Online installation:

It might be caused by an incorrect local docker registry login credentials.

  1. For remote deployment, an incorrect or expired docker login credential for entitled registry exists in the secret that you create in 3. Create the entitled registry secret when you install IBM Cloud Pak for Multicloud Management on hub cluster, which results in an authentication required error.
  2. For local deployment through OperatorHub or by script, an incorrect docker login credential for entitled registry exists in the ibm-management-pull-secret in cp4mcm-cloud-native-monitoring namespace on the managed cluster, which results in an authentication required error.

Resolving the problem

  1. Get a detailed description of the pod with the ImagePullBackOff status. For example:

    kubectl describe pod ibm-monitoring-dataprovider-mgmt-operator-6c58fd8fc4-2gxq7 -n cp4mcm-cloud-native-monitoring
    
  2. If the error is the x509 certification error, for example:

    ...
    Warning  Failed     <invalid>                      kubelet, worker1.stubbly.cp.fyre.ibm.com  Failed to pull image "bordure-inf.fyre.ibm.com:5555/cp/cp4mcm/ibm-monitoring-dataprovider-mgmt-operator@sha256:38c703640ead573c0fc8c766a2fa48ed3a2de90f30a6c2ade9cbbd8ec747ff1e": rpc error: code = Unknown desc = error pinging docker registry bordure-inf.fyre.ibm.com:5555: Get https://bordure-inf.fyre.ibm.com:5555/v2/: x509: certificate signed by unknown authority
    

    It indicates that you install Monitoring DataProvider Management in offline mode, and you must instruct docker to trust the self-signed certificate that is used by your docker registry. To do this action, you need to perform step 1 and step 2 in Local deployment from OperatorHub.

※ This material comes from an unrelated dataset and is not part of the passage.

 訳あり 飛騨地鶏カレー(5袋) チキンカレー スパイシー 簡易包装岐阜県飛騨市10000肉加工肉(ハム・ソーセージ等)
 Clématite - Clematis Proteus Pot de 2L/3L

  3. It might be caused by an invalid or expired docker-registry secret.

    Offline installation:
    For remote deployment, it might be caused by expired LOCAL_DOCKER_PASSWORD that you set when you offline install IBM Cloud Pak for Multicloud Management on the Hub cluster. For local deployment, it might be caused by an invalid or expired docker-registry secret that you create in step 4 of Local deployment from OperatorHub or step 3 of Local deployment by script.

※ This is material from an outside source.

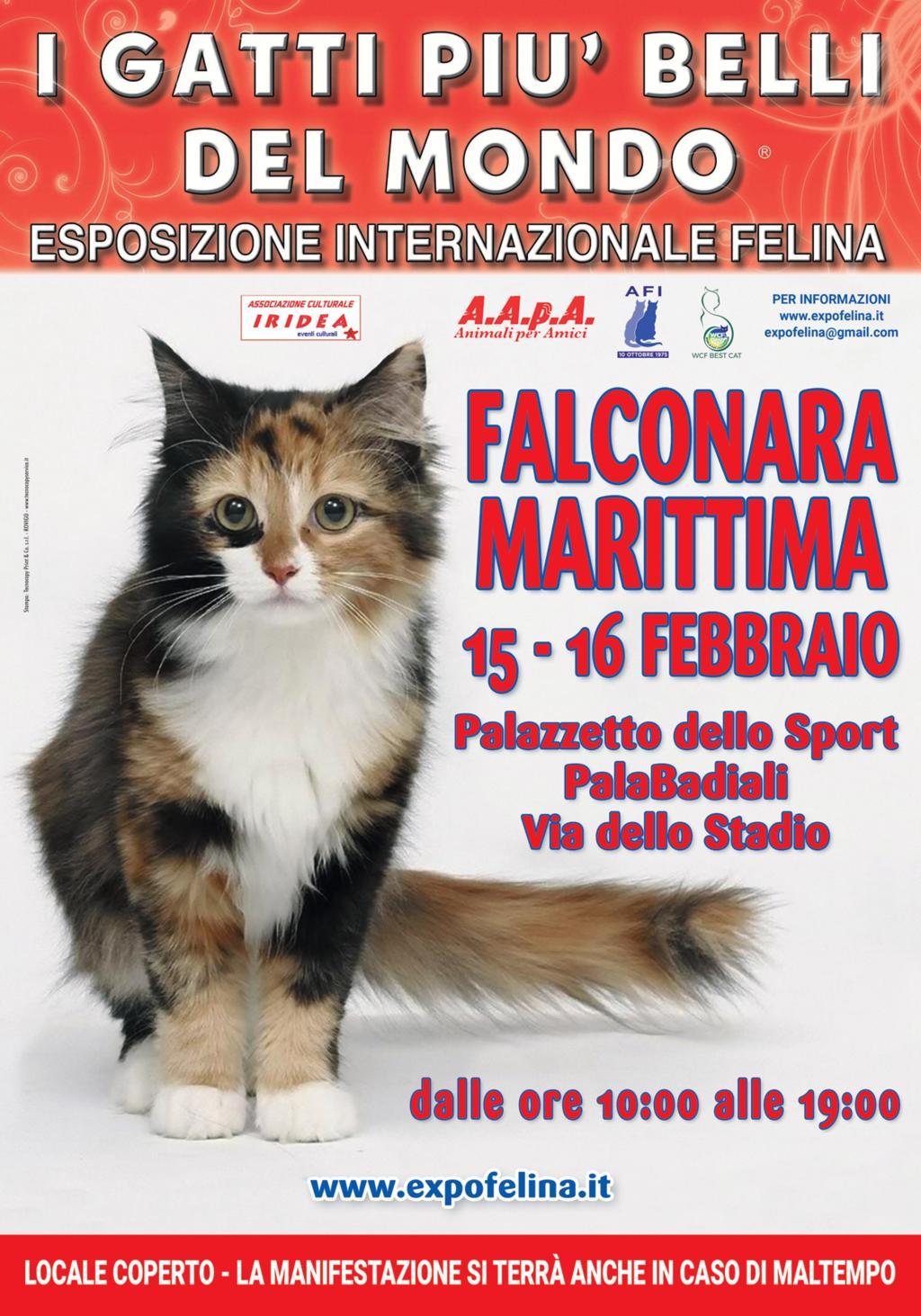 I Gatti Più Belli del Mondo al Palasport PalaBadiali di FALCONARA MARITTIMA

    To resolve this error, do the following steps:

    a. For remote deployment, verify the global image pull secret on Hub cluster. Make sure that it contains the correct login credentials for your local docker registry. If credentials are incorrect, update the credentials and wait for change roll out to all cluster nodes.

    b. For local deployment through OperatorHub, verify the global image pull secret on the managed cluster. Make sure that it contains the correct login credentials for your local docker registry. If credentials are incorrect, update the credentials and wait for change roll out to all cluster nodes.

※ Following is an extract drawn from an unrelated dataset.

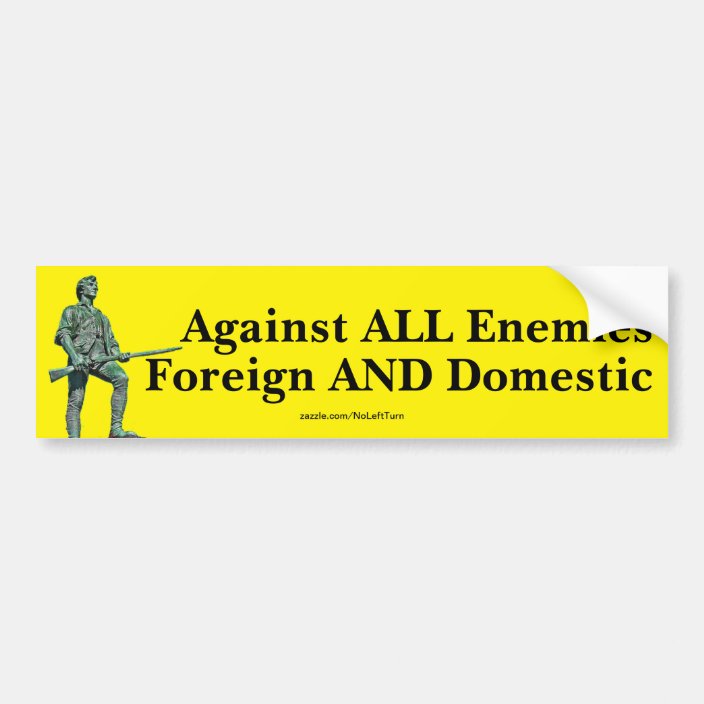 protect against all enemies foreign and domestic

    c. For local deployment by script, delete and recreate the secret ibm-management-pull-secret that you create in cp4mcm-cloud-native-monitoring namespace on the managed cluster.

    d. Uninstall Monitoring DataProvider Management, reinstall it, and check that the pod is created and it is in a running status.

    Online installation:

    For remote deployment, it might be caused by expired docker login credentials for entitled registry that you create in 3. Create the entitled registry secret when you install IBM Cloud Pak for Multicloud Management on hub cluster. For local deployment, it might be caused by an invalid or expired docker-registry secret that you create in step 7 of Local deployment from OperatorHub or step 3 of Local deployment by script.

    To resolve this error, do the following steps:

    a. For remote deployment, verify the secret that you create in 3. Create the entitled registry secret when you install IBM Cloud Pak for Multicloud Management on hub cluster. Make sure that it contains the correct login credentials for entitled registry. If credentials are incorrect, update the credentials.

    b. For local deployment through OperatorHub and local deployment by script , delete and recreate the secret ibm-management-pull-secret that you create in cp4mcm-cloud-native-monitoring namespace on the managed cluster.

    c. Uninstall Monitoring DataProvider Management, reinstall it, and check that the pod is created and it is in a running status.